Interaction and UX Design
Interaction and user-experience design shape how people engage with digital products, services, and systems over time, designing behaviour, flow, and the quality of the overall experience.
Definition
Interaction and UX design is the practice of designing the behaviour of interactive products and the overall experience people have when using products, services, and systems.
Scope
This area covers interaction design (the design of behaviour and dialogue between people and interactive products), user-experience design (the broader quality of a person's whole experience with a product or service), usability and user research, information architecture, and service design. Treated here as a design-studies area, it draws on but is distinct from the computing discipline of human-computer interaction, emphasising the designerly craft of conceiving and refining experiences.
Sub-topics
Core questions
- How should the behaviour and dialogue of an interactive product be designed?
- What constitutes a good experience, and how can it be designed and evaluated?
- How do user research and usability testing inform interaction decisions?

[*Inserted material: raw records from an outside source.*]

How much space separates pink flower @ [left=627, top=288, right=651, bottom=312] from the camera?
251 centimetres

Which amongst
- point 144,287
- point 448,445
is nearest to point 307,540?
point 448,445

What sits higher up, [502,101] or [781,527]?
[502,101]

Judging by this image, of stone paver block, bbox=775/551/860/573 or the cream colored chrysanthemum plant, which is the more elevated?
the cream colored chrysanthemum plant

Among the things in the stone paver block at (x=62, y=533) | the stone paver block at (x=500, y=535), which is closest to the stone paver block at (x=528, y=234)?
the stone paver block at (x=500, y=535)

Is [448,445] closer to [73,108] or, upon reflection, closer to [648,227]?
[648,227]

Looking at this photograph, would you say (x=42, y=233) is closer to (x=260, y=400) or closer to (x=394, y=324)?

- How do interaction and UX design relate to and differ from HCI as a science?
Key theories
- User-centred design and affordances
- Norman's principles of affordances, signifiers, mapping, feedback, and constraints provide a foundation for designing interactions that are discoverable and understandable, with errors anticipated and recoverable.
- Goal-directed interaction design
- Cooper and colleagues advocate designing interaction around users' goals, using personas and scenarios to structure behaviour so that products support what people are trying to achieve rather than merely exposing features.
- Elements of user experience
- Garrett organises UX into layered planes from abstract strategy and scope through structure and skeleton to the concrete surface, giving a model for how experience decisions build on one another.
History
Interaction design was named and shaped in the 1980s and 1990s as personal computing spread, with Bill Moggridge among those who coined the term. User-experience design, a phrase associated with Donald Norman, broadened the focus from interfaces to whole experiences, and the rise of the web and mobile devices in the 2000s established UX as a major professional design field.
Debates
- Design craft versus engineering science
- Whether interaction and UX design are primarily a designerly, craft-based practice of shaping experience or applications of HCI as an empirical engineering science, and how the two should relate in education and practice.
Key figures
- Donald Norman
- Alan Cooper
- Jesse James Garrett
- Bill Moggridge
Related topics
Seminal works
- norman2013
- cooper2014
- garrett2010
Frequently asked questions
- Is interaction design the same as UX design?
- Interaction design is one component of UX design. Interaction design focuses on the behaviour and dialogue between user and product, while UX design encompasses the whole experience, including research, information architecture, visual design, and content.
- How does this area differ from human-computer interaction (HCI)?
- HCI is an academic field within computing that studies interaction empirically and scientifically. Interaction and UX design, as treated here in design studies, is the practice-oriented craft of conceiving and refining interactive experiences; the two are closely related and mutually informing.